Ten years and six children have only made Angelina Jolie and Brad Pitt closer.
In Elle's June issue, the "Maleficent" star explains why she and Pitt are "more interested in each other" than ever. "You get together and you're two individuals and you feel inspired by each other, you challenge each other, you complement each other, drive each other beautifully crazy," Jolie says of her fiancé, whom she met on the set of "Mr. & Mrs. Smith."
"After all these years, we have history, and when you have history with somebody, you're friends in such a very real, deep way that there's such a comfort, and an ease, and a deep love that comes from having been through quite a lot together."
Long before Pitt entered the picture, Jolie envisioned a very different life for herself.
"I never thought I'd have children, I never thought I'd be in love, I never thought I'd meet the right person," the "Unbroken" director says. "Having come from a broken home — you kind of accept that certain things feel like a fairy tale, and you just don't look for them." (Her parents, Jon Voight and the late Marcheline Bertrand, separated in 1976 and divorced in 1980; Jolie and her dad were estranged for many years.)
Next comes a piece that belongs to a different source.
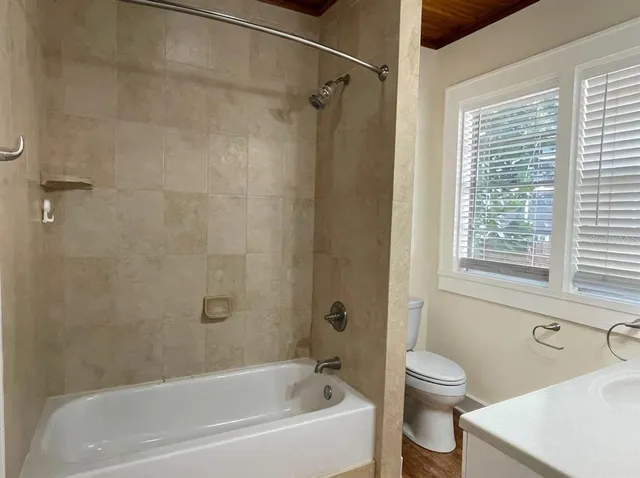 $4,300 | 903 South Bruce Street, Tampa, FL 33606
Jolie says her tumultuous 20s — during which time she was married to actors Jonny Lee Miller and Billy Bob Thornton — were "misinterpreted as [me] wanting to be rebellious. And in fact it wasn't a need to be destructive or rebellious — it's that need to find a full voice, to push open the walls around you. You want to be free," she explains. "And as you start to feel that you are being corralled into a certain life, you kind of push against it. It may come out very strange, it may be interpreted wrong, but you're trying to find out who you are."
She feared "a life half-lived" and sought to prevent that. "I realized that very young — that a life where you don't live to your full potential, or you don't experiment, or you're afraid, or you hesitate, or there are things you know you should do but you just don't get around to them, is a life that I'd be miserable living, and the only way to feel that I'm on the right path is just to be true to myself, whatever that may be, and that tends to come with stepping out of something that's maybe safe or traditional."